>>>>

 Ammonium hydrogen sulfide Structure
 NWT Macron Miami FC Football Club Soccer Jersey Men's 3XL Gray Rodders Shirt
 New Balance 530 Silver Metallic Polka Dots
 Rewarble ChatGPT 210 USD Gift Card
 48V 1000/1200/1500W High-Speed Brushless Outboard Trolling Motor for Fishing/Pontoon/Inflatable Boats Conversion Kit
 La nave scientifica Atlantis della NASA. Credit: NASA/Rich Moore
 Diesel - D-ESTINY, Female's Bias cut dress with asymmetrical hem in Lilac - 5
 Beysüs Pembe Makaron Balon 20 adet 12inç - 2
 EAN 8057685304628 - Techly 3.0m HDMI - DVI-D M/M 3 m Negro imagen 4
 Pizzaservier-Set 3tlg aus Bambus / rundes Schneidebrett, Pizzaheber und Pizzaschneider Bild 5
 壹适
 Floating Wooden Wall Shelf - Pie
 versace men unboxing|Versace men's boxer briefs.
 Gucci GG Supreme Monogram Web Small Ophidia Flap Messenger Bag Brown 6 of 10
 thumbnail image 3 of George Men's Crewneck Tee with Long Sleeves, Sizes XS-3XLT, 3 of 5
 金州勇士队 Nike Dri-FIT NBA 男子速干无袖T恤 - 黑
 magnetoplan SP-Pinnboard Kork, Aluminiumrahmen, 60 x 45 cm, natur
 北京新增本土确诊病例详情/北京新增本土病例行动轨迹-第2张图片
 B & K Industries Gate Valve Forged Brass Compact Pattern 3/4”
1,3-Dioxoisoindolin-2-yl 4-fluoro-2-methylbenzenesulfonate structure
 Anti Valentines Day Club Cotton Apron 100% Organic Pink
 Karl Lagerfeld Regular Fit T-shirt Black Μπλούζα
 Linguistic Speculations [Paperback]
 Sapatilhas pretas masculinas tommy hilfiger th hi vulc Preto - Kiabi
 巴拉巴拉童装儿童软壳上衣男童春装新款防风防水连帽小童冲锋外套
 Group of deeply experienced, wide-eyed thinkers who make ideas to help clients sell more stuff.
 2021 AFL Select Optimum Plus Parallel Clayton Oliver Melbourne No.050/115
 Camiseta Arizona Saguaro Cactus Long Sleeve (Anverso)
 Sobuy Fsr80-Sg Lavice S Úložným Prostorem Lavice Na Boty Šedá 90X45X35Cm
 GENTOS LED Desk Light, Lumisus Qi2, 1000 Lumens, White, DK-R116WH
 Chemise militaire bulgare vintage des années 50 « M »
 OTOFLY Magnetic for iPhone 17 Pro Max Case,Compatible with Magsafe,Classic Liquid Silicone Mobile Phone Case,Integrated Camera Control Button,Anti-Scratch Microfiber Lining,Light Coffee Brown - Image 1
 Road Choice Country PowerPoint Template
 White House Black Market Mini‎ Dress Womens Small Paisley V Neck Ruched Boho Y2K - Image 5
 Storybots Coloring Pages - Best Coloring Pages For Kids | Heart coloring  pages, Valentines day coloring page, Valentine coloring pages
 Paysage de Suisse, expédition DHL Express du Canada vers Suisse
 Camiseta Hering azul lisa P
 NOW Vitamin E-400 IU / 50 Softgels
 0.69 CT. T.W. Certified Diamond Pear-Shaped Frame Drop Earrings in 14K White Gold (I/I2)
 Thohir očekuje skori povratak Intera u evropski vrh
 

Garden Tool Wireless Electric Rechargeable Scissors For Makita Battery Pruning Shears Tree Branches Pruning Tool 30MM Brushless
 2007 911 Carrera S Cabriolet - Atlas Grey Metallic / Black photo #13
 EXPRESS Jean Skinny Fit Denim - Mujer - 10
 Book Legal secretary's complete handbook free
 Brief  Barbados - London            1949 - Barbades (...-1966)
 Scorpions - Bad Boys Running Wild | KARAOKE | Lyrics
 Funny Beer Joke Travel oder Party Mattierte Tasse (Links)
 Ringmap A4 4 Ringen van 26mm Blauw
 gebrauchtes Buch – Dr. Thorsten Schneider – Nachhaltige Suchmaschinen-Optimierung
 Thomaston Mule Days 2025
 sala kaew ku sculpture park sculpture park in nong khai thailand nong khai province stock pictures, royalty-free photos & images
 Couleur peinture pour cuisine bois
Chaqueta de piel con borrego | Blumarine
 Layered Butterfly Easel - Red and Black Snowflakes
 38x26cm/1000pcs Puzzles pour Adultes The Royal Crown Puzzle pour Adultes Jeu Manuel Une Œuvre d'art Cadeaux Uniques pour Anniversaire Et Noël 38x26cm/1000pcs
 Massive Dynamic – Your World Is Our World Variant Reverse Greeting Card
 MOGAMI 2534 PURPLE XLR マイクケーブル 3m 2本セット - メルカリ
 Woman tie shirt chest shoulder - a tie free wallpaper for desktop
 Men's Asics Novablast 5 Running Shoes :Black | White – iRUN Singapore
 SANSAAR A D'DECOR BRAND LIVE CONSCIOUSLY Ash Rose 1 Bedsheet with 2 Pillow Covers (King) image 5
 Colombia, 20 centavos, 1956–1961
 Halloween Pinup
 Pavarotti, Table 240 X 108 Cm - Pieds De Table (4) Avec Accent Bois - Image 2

<<<<

AIM OF THE EXERCISE: Could you copy exactly the lines from the one containing "Colombia, 20 centavos, 1956–1961" through the end of the records above, and nothing more?

RESPONSE TO THIS EXERCISE:
 Colombia, 20 centavos, 1956–1961
 Halloween Pinup
 Pavarotti, Table 240 X 108 Cm - Pieds De Table (4) Avec Accent Bois - Image 2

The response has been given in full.